Litigation challenging environmental inequities in low-income communities and communities of color has relied upon a number of constitutional and statutory provisions. These provisions have included the Equal Protection Clause of the Fourteenth Amendment to the U.S. Constitution, Title VI of the Civil Rights Act of 1964, and various environmental statutes and regulations.
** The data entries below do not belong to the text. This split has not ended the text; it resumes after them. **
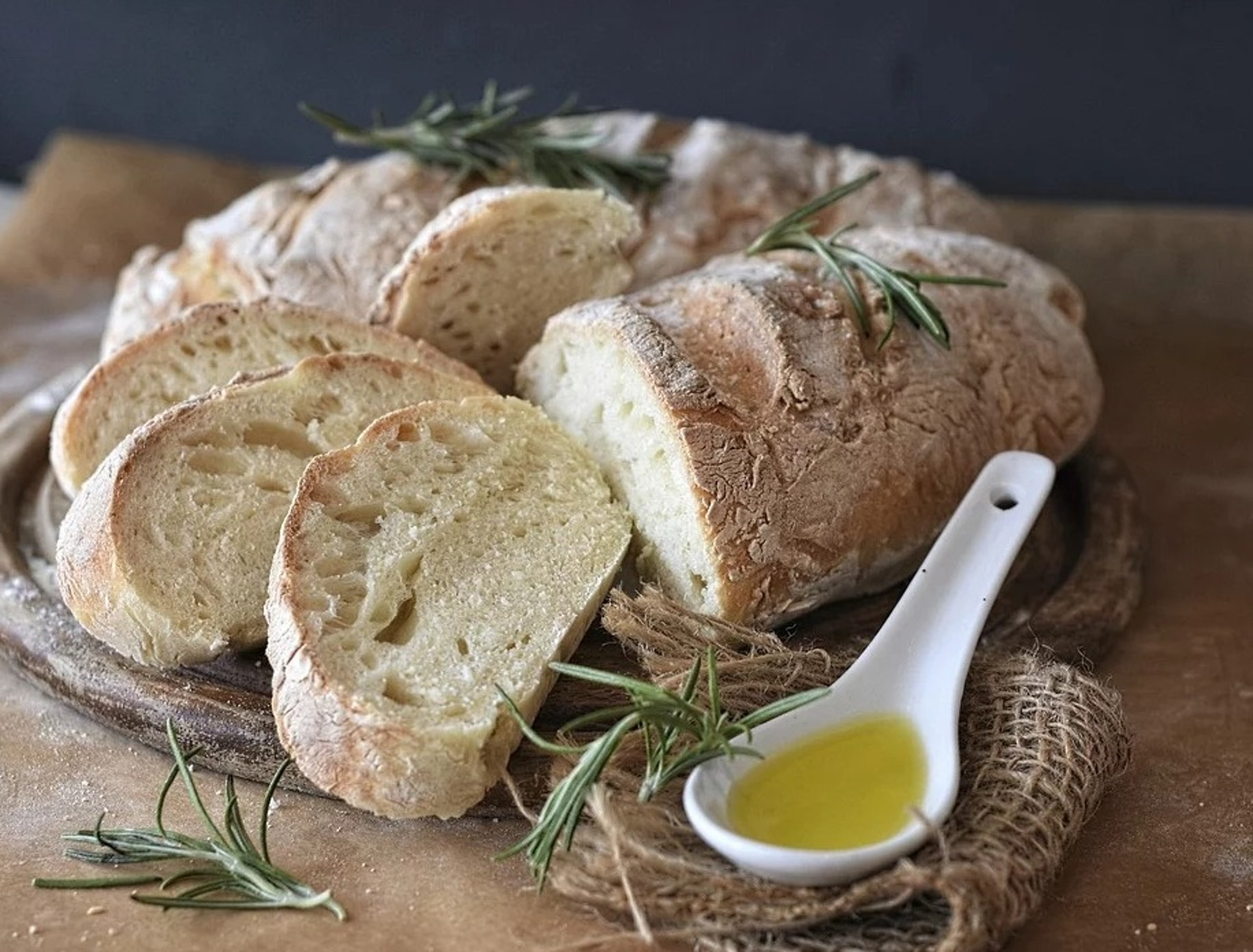 Бездрожжевой хлеб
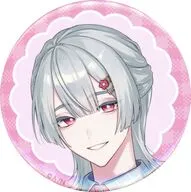 弦月藤士郎1 缶バッジ 「DMMスクラッチ! バーチャルYouTuber にじさんじ Good morning スクラッチ」 E-3賞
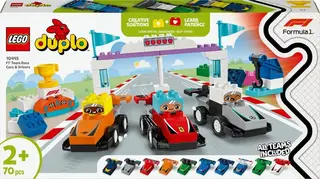 Produktfoto för LEGO DUPLO 10445 F1® Team - racerbilar och förare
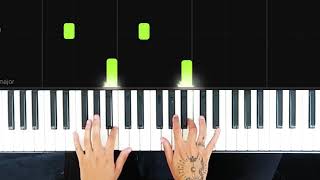Je Mag Er Zijn - Herman Boon, piano tutorial (Juliette)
All of these legal avenues have shortcomings. It is difficult for environmental justice litigants to find a “smoking gun” that shows a discriminatory motive, as is required for Equal Protection Clause claims. Although Title VI is more useful, it only establishes nondiscrimination requirements for federally funded programs and activities. Environmental statutes are also subject to restrictions. Some have very short statutes of limitation that may expire before affected communities learn of an environmental threat or are able to obtain legal representation. Also, the only remedy offered by some environmental statutes is a re-opening of the public hearing process, which may not lead to ultimate relief for the affected community.
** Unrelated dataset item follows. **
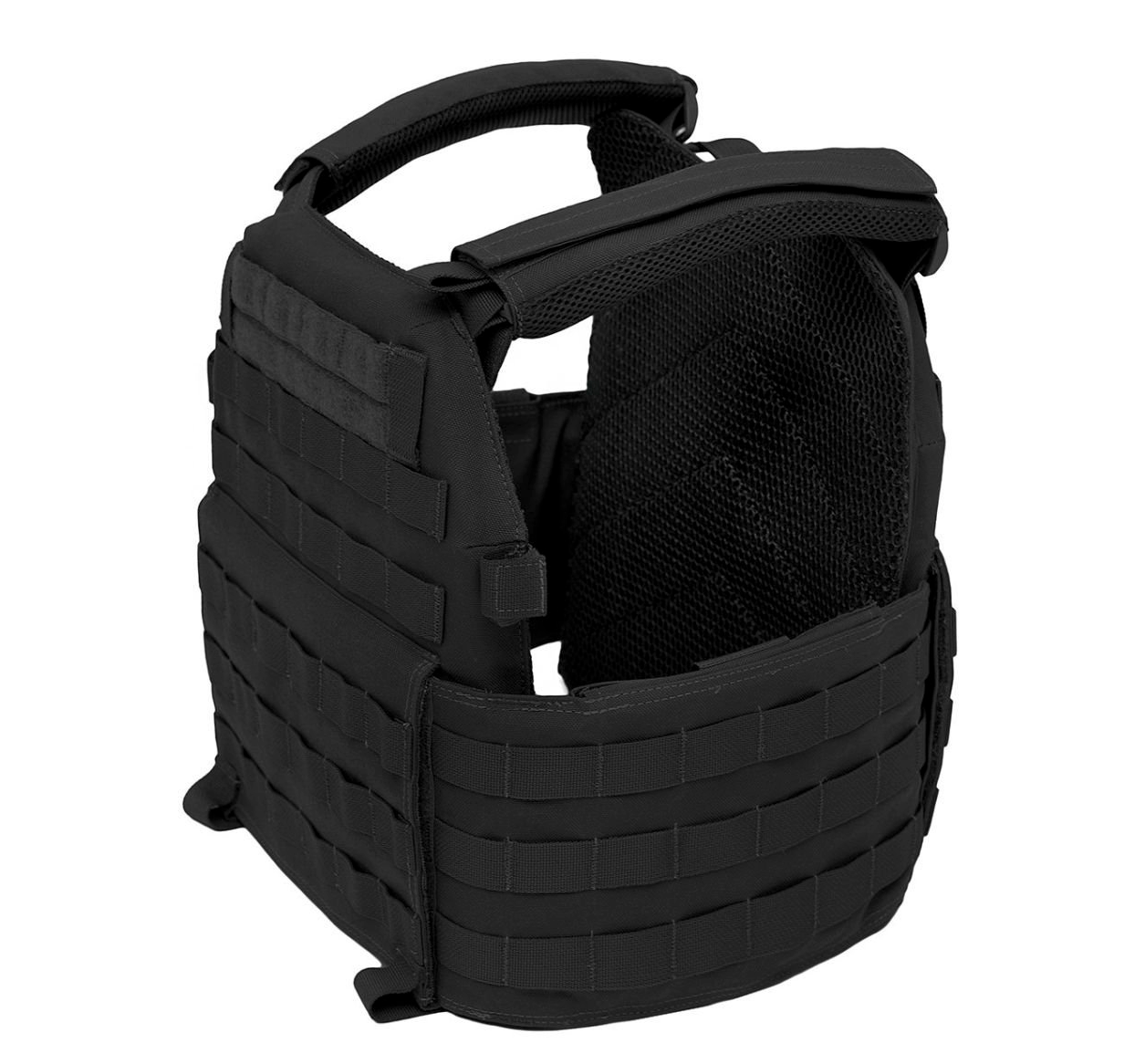WARRIOR ASSAULT: DCS Special Forces Plate Carrier Combo, Base w/ Covered 5.56 M4 Mag Pouches, 2 Utility Pouches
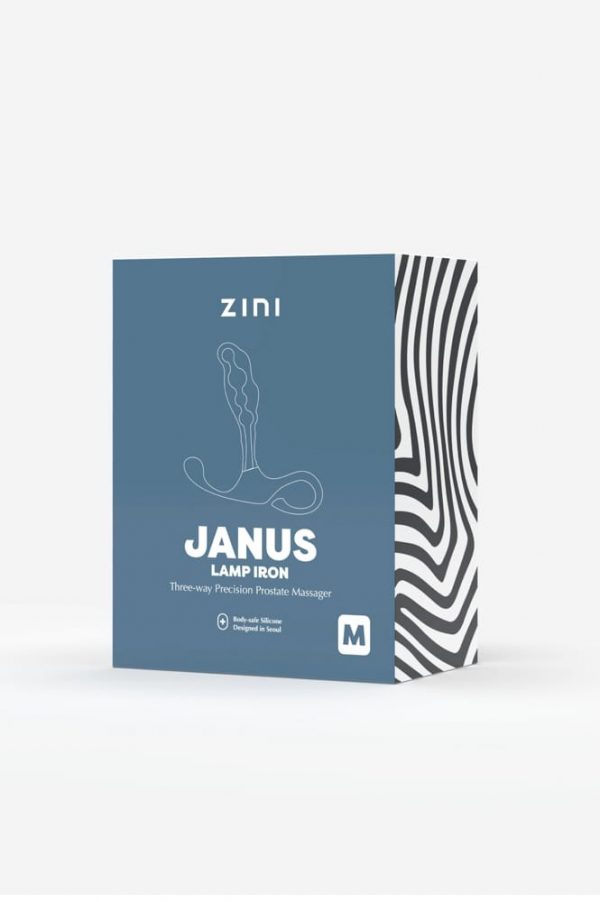 Zini Janus Lamp Iron Prostate Massager M #2 | ViPstore.hu - Erotika webáruház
These and other concerns have prompted interest in another possible weapon in the battle for environmental justice: Title VIII of the Civil Rights Act of 1968, commonly called the Fair Housing Act. Enacted within a month after the release of the Kerner Commission Report and the assassination of Dr. Martin Luther King, the Fair Housing Act declared that the United States must “provide within constitutional limitations for Fair Housing throughout the [nation].” The Act prohibits discrimination based on race, color, or national origin in the terms, conditions, privileges, services, or facilities connected with sale or rental housing. The Supreme Court has mandated that courts use “a generous construction” of Title VIII to achieve the policy it embodies. Courts following this mandate have applied the statute to a range of discriminatory practices, including racial steering, race-based appraisal practices, redlining, exclusionary zoning and planning, public housing site selection and demolition, and discriminatory community development activities.
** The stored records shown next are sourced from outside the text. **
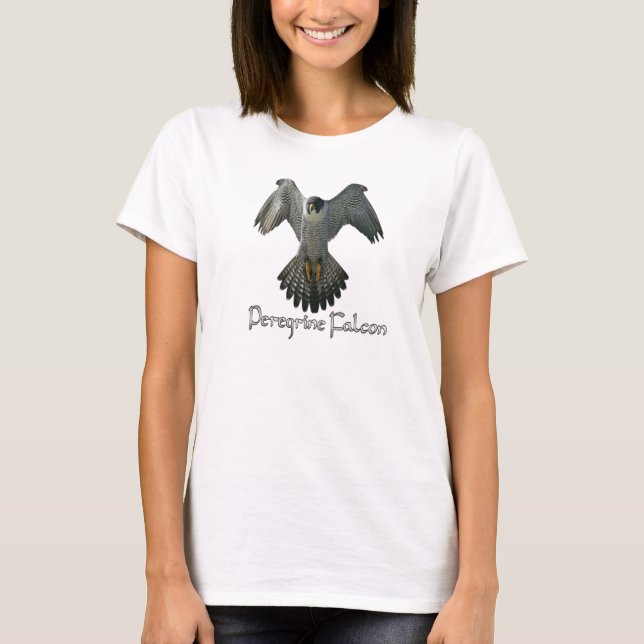 Wanderfalke T-Shirt (Vorderseite)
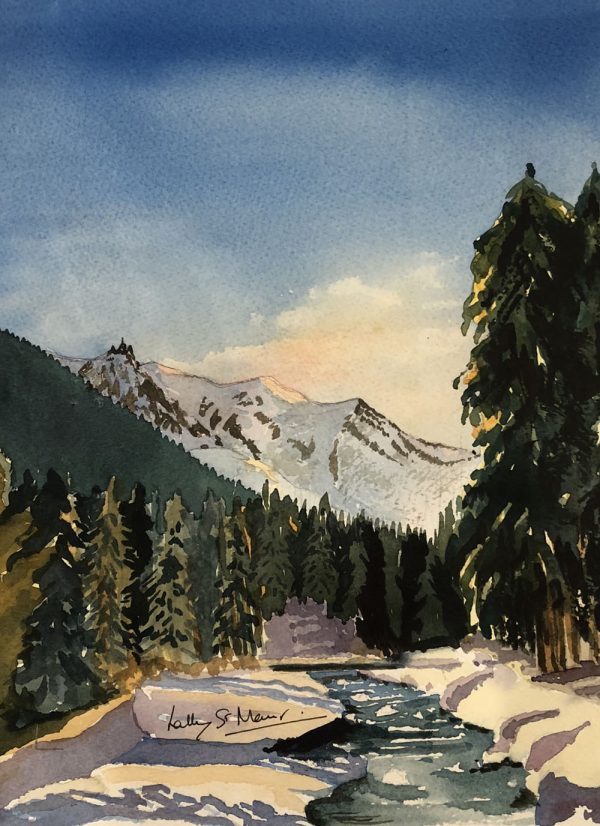 Aiguille de Midi from Argentiere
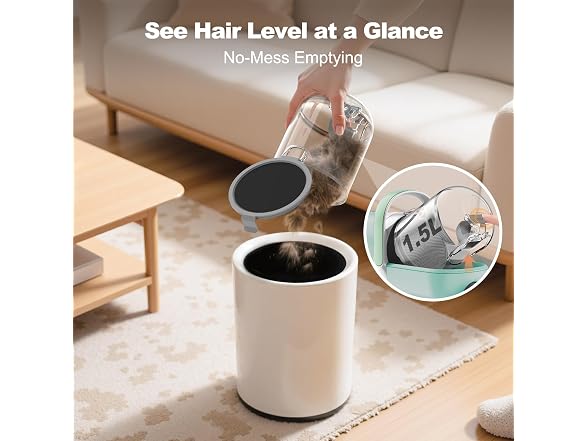 6-in-1 Dog Grooming Vacuum Kit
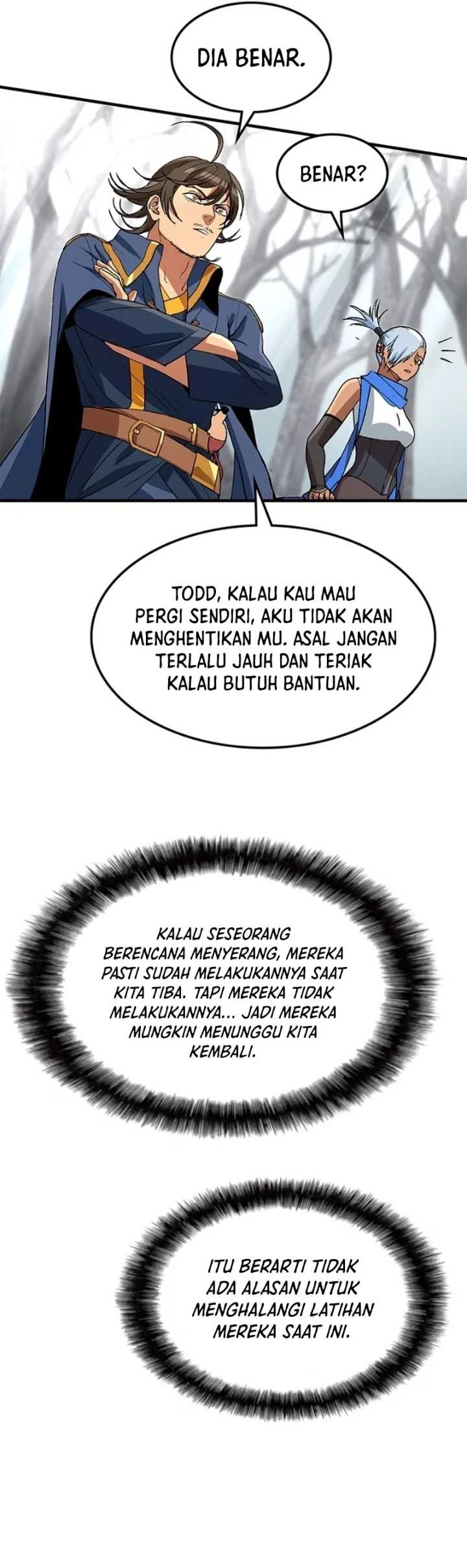 Return of the Renebound Professor Chapter 17 Gambar 28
Environmental justice advocates may find the Fair Housing Act useful for several reasons. First, the Act has procedural and jurisdictional advantages over environmental statutes. One such benefit is that Fair Housing Act claims are often tried de novo; thus, unlike environmental statutes which usually allow a court to review only the record compiled by an agency, the Fair Housing Act does not normally limit the court to the administrative record. This may give environmental justice plaintiffs a greater opportunity to put forward grievances and may allow plaintiffs to conduct discovery and present evidence as part of judicial proceedings. Another benefit is that Title VIII, unlike Title VI, reaches defendants without regard to their federal funding. Finally and perhaps most importantly, a violation of the Fair Housing Act, unlike the Equal Protection Clause, does not require a finding of intentional discrimination. A plaintiff need only prove that a defendant's conduct actually or predictably results in racial discrimination (i.e., that it has a discriminatory impact). The Supreme Court has tacitly approved this discriminatory effects standard, and it has been adopted in some form by nearly every circuit.
This article considers the usefulness of Title VIII for environmental justice plaintiffs. Section II is macro-oriented; it looks broadly at two environmental justice cases that have used Title VIII successfully. Section III is micro-oriented; it looks closely at one of Title VIII's key anti-discrimination provisions in order to help define the statute's potential, and its limits, for achieving environmental justice.